Firstly, don’t worry about it, I believe nobody know this magic “h”, for now and perhaps for a long time.
But perhaps not very long! read how close are we really to building a quantum computer and timeline of quantum computing.
And even before a powerful quantum computer to break ECDLP, perhaps one day one lucky people just find a random “h” which happens to make h*G=H, who knows? a probability close to zero doesn’t means impossible.
So, for now, we MUST know what will happen in Mimblewimble if this magic “h” is known by somebody.
What will happen if I know the magic “h” which makes h*G = H ?

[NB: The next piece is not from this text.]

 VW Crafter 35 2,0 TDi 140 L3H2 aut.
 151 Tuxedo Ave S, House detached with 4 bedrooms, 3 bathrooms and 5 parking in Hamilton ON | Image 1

Let’s take a look for the Pedersen Commitment form: r*G + v*H. The simple arithmetic equation a + b = c can be expressed as commitment form:
(x*G + a*H) + (y*G + b*H) = (z*G + c*H) , with x + y = z
This is the most important pillar of MimbleWimble.
Now if I know the magic “h” which makes h*G = H, then I can change the output value freely:
z*G + c*H = (z’ *G + c’ *H)
=> (z’-z)*G = (c-c’)*h*G
=> z’ = z + (c-c’)*h
This means I can create money out of thin air in the transaction, without breaking the balance of the commitments which sum to zero. The pillar of MimbleWimble is gone and the whole house falls.

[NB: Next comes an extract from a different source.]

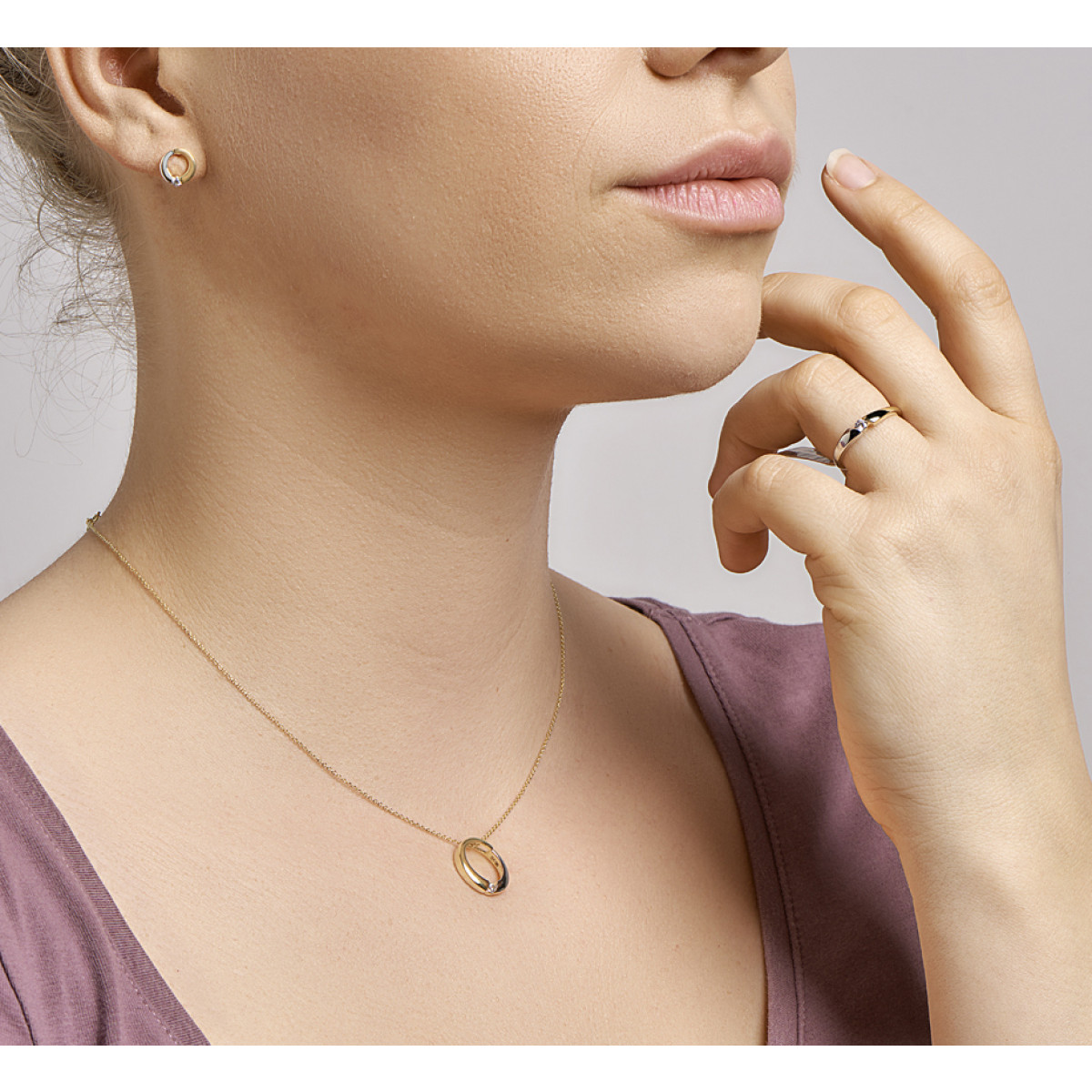 Ronde gouden hanger zirkonia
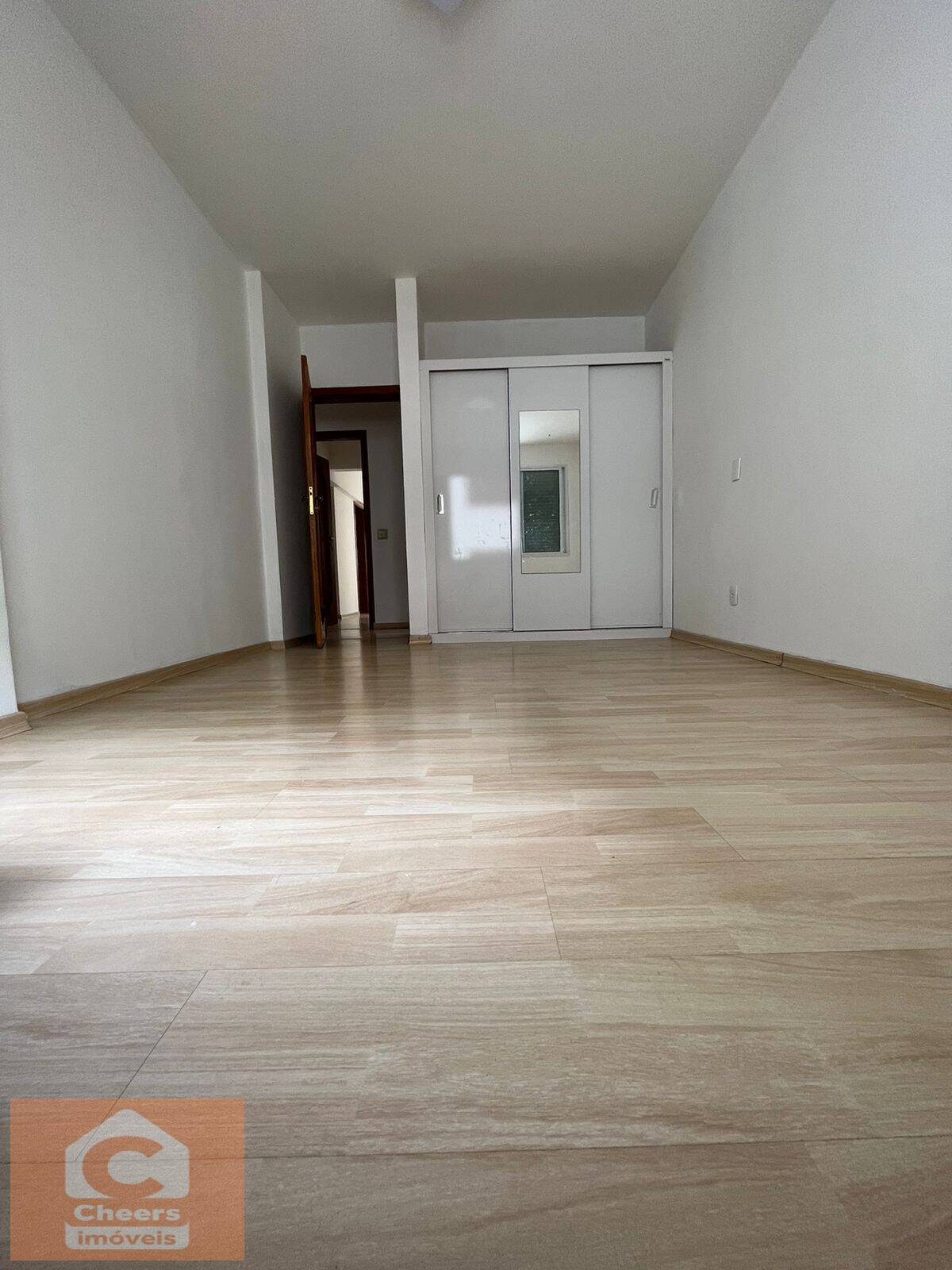 Apartamento à venda com 3 quartos, 200m² - Foto 9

And even worse, when this happen, there’s no one else know it’s happening! thanks to the excellent privacy of Mimblewimble protocol.
A Proposal by Tim Ruffing to Secure this Pillar
Thanks to Tim Ruffing and Giulio Malavolta 's research on Switch Commitment [1] and Tim Ruffing 's good proposal to Mimblewimble [2], we can modify the blinding factor as the following form:
r’ = r + Hash(rG+vH || rJ)
and the base point J is chosen to be orthogonal to G.
so the Pedersen Commitment r*G + v*H becomes:
r’ *G + v*H
= (r + Hash(rG+vH || rJ))*G + v*H
= (r*G+v*H) + Hash(rG+vH || rJ)*G
And we need add an additional rule to spend an UTXO, revealing the rG+vH and rJ to spend output r’*G+v*H.
Why this enhanced design can avoid me creating money out of thin air in the transaction? even I know the magic “h” .
Let me try it.
We already know that I can change the Pedersen Commitment components freely, with the known magic “h” :
*z*G + c*H = (z’ *G + c’ H)
=> z’ = z + (c-c’)*h
With the new form of Pedersen Commitment:
r’ *G + v*H = (r*G+v*H) + Hash(rG+vH || rJ)*G
Now let me freely change the value from v to v" :
r*G + v*H = r" *G + v"*H
and r" = r + (v-v")*h
Then,
r’ *G + v*H
= (r*G+v*H) + Hash(rG+vH || rJ)*G
!= (r" *G + v"*H) + Hash(r"G+v"H || r"J)*G
So, the result is I can’t change this commitment and I fail to create money out of thin air! even I know the magic “h” .
This is mainly because of r*J != r"*J. The r*J works like a locker to forbid the change of r, and we can’t change the value v without changing r, to keep the balance of r*G + v*H = r" *G + v"*H.
The Related Status in Grin
Thanks to @jaspervdm, we have an opening PR for this enhancement solution: [DNM] Switch commitments by jaspervdm · Pull Request #2007 · mimblewimble/grin · GitHub, and 2 related PRs in secp library: Add blinding factor for switch commitment by jaspervdm · Pull Request #34 · mimblewimble/secp256k1-zkp · GitHub and Add blinding factor for switch commitment by jaspervdm · Pull Request #38 · mimblewimble/rust-secp256k1-zkp · GitHub.
And please note that we still need further research about how to gracefully integrate that additional rule:
To spend an UTXO r’*G+v*H, require to reveal the rG+vH and rJ .
But IMO, complete PR #2007 and switch the Pedersen Commitment to this enhanced design should be a MUST for Grin mainnet, and now we don’t have much time left before 15th Jan. 2019.
Any comments/feedback welcome.
[1] https://eprint.iacr.org/2017/237.pdf
[2] switch commitments (again) : Mailing list archive : mimblewimble team in Launchpad
[3] switch commitment discussion · Issue #998 · mimblewimble/grin · GitHub
correct me if something wrong here.
and sorry for my careless missing, indeed it’s also mandatory here to verify P == r*J.